A KILLER DAY: WE WERE WRONG…IT DOES GET BETTER!
Yesterday’s encounters set expectations very high for passengers, with many of them being eager blog followers and orca enthusiasts. Our first wildlife encounter was with pilot whales which took us by surprise as we were in pursuits of orca blows, dorsal fins, and oil slicks on the horizon!! All morning we passed small slicks, the orca always that little bit too far off in the distance, birds swirling from above, anticipating predatory action….and did we get action!!

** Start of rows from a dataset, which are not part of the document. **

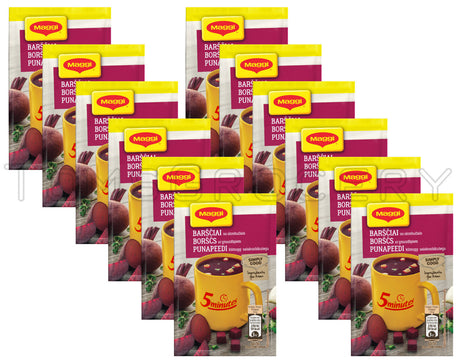 12 x MAGGI Instant Soup Packs Beetroot with Croutons Flavor
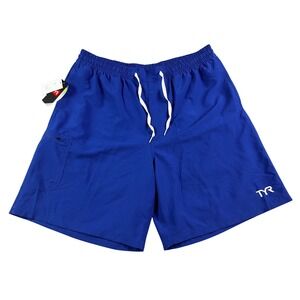 TYR Challenger Swim Shorts Mens 2XL Royal Blue Athletic Quick Dry UPF 50 New NWT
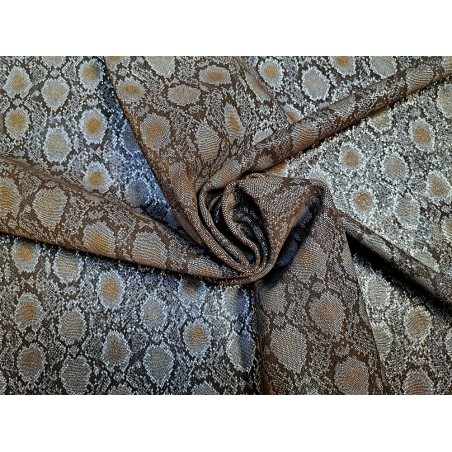 veau velours - lézard marron - métallisé - maroquinerie - Cuir en Stock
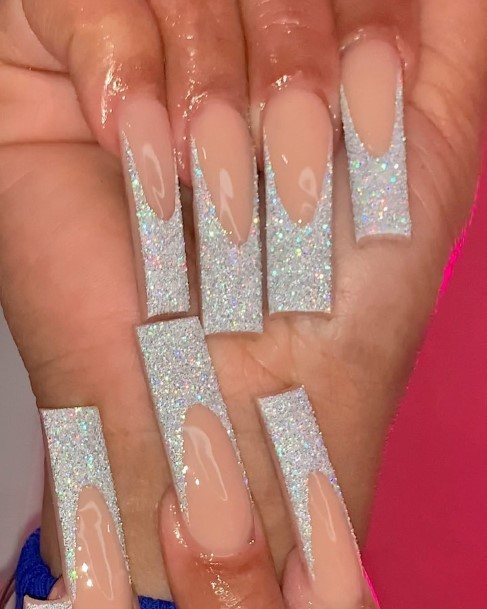 Girls Glitter French Tip Nail Art Ideas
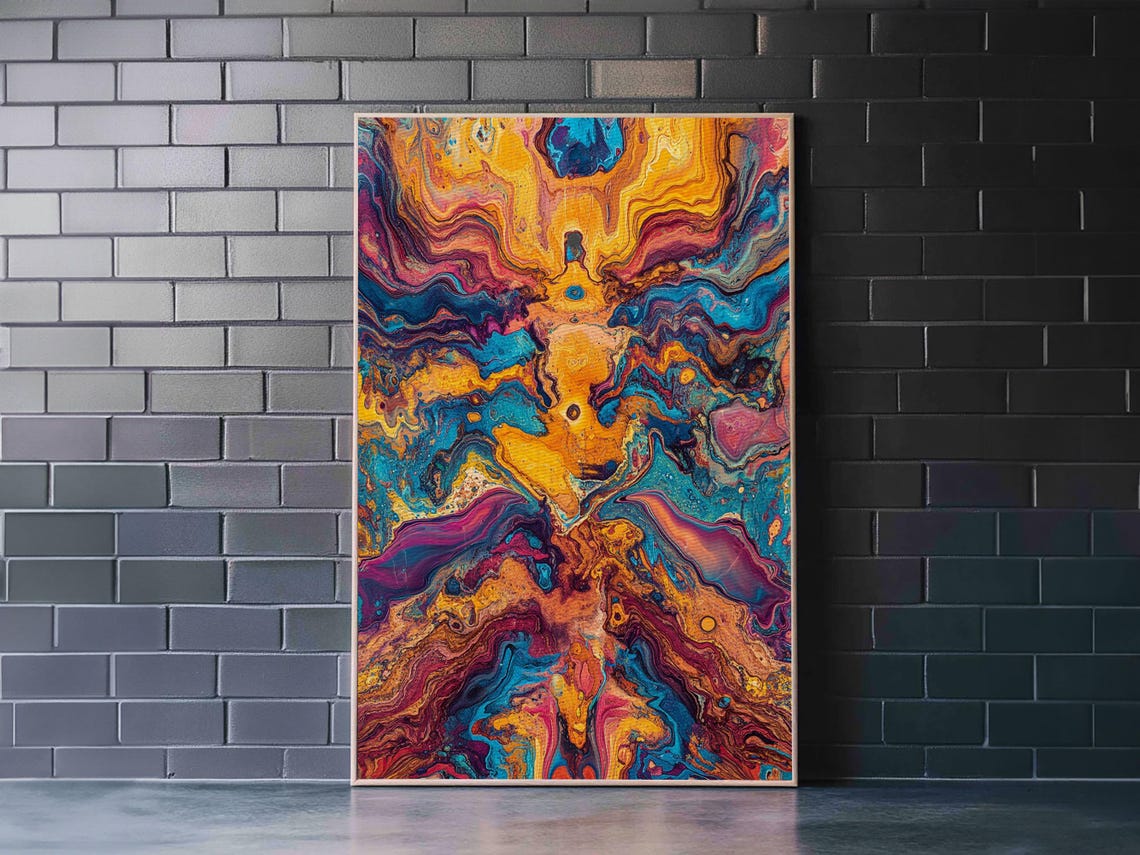 Vibrant Fluid Acrylic Pour Blue Orange Abstract Modern Art Print - Image 6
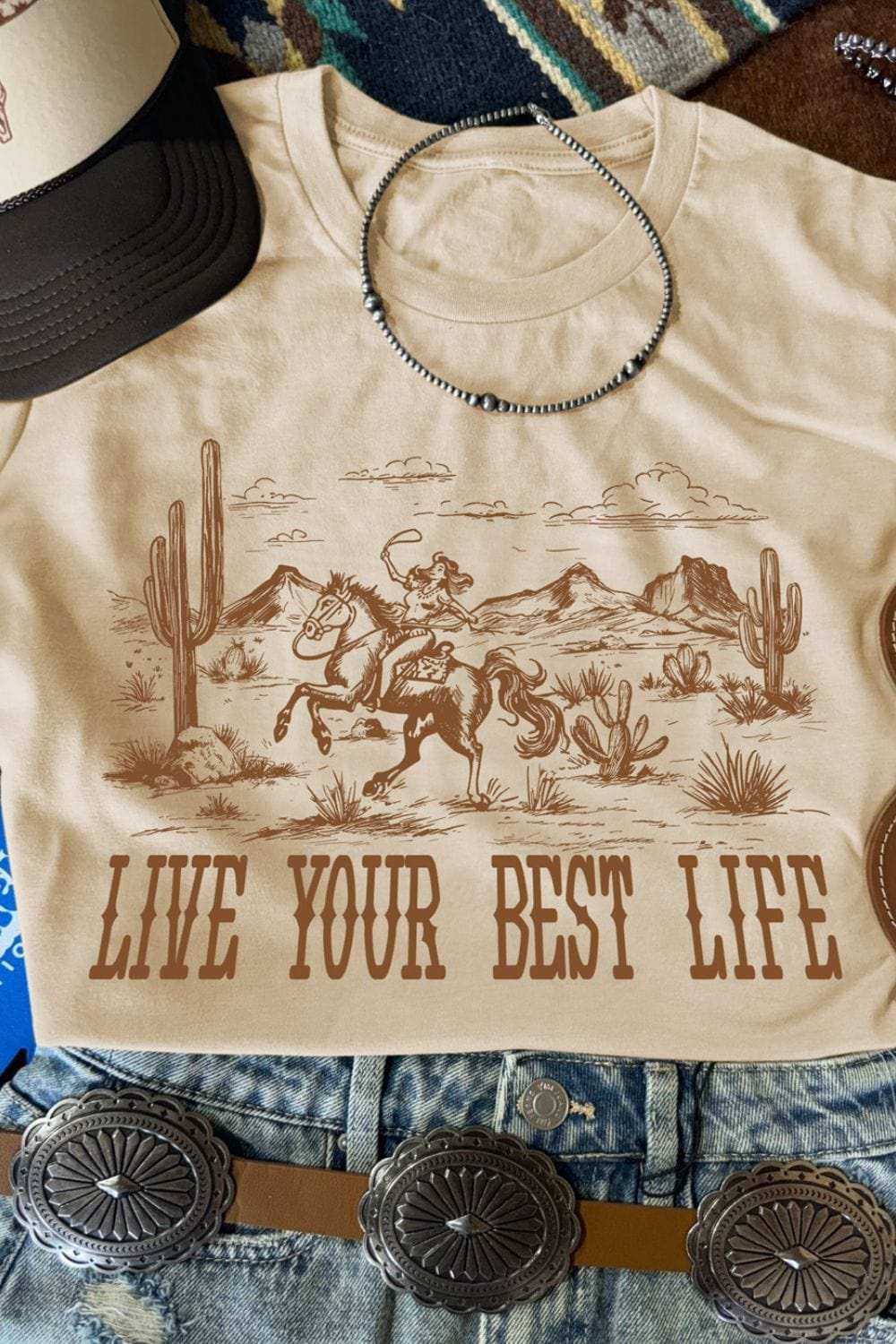 LIVE YOUR BEST LIFE Western Graphic Short Sleeve T-Shirt - Trendsi - Flyclothing LLC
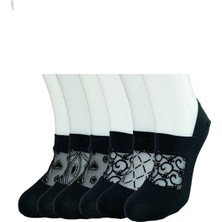 Royaleks 6 Adet Önü Transparan Kadın Fantezi Desenli Babet Çorap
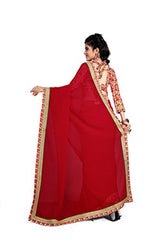 Indianbeauty Women's Chiffon Saree (AS1241_Red_Free Size)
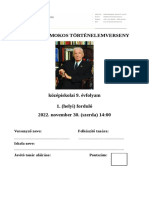 Kosáry Domokos Történelemverseny 9. Évfolyam Első Forduló 2022-23 Végleges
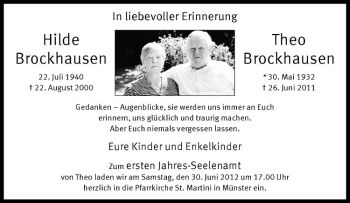 Todesanzeige von Theo Brockhausen von Westfälische Nachrichten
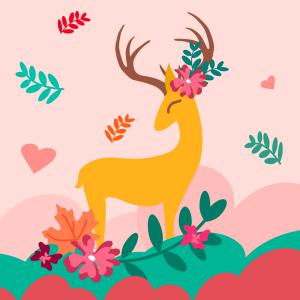 Illustration KIDS Cerf, dans la forêt rose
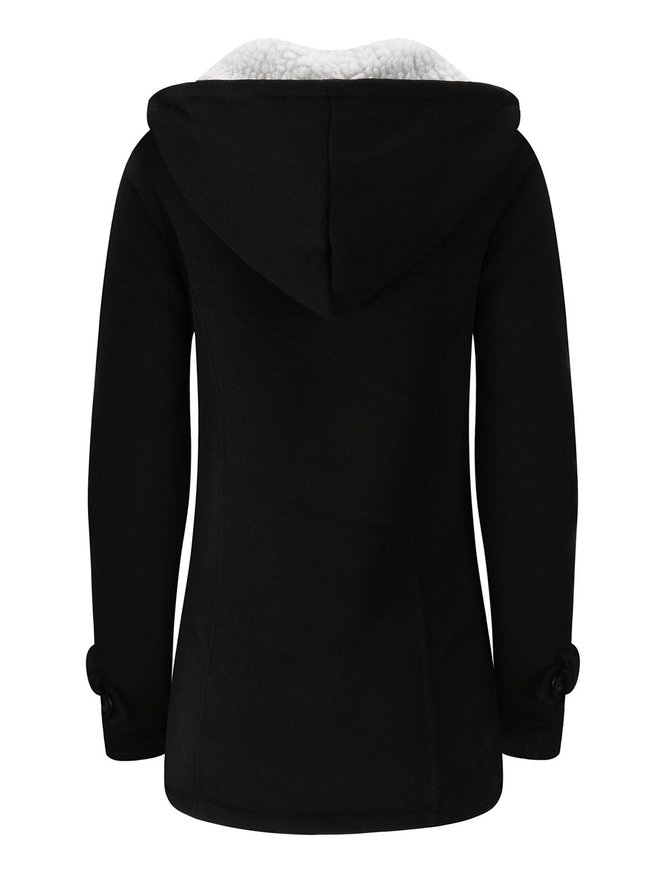 Women Horn Button Coton Fleece Hooded Duffle Coat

The orca began to surge, at a distance still too far away to identify which pods were present. As we came closer, we realised that they were uncommon individuals to the hotspot, who we encounter only a few times a season including males Kai, Fue, Moon and Irwin. Nearly every day we get asked where the orca go after April when the season ends, and this pod which seem to be more transient in nature in comparison to other pods which we encounter every day, were last spotted off Augusta by crew members. Sighting them again at the hotspot after subsequent years, despite knowing they travel elsewhere reinforces that these late summer months provide ideal conditions for the orca in the area and are the perfect time for sighting these magical animals in their natural habitat. Significantly, although this pod is not as well-known as others, they were also involved in the latest blue whale predation recorded at the Canyon! That is no wonder considering what was witnessed after an hour of following constant surges through the choppy swell, the orca gaining power and speed with every incoming wave. When the breaches began, we knew we were about to be involved in something special…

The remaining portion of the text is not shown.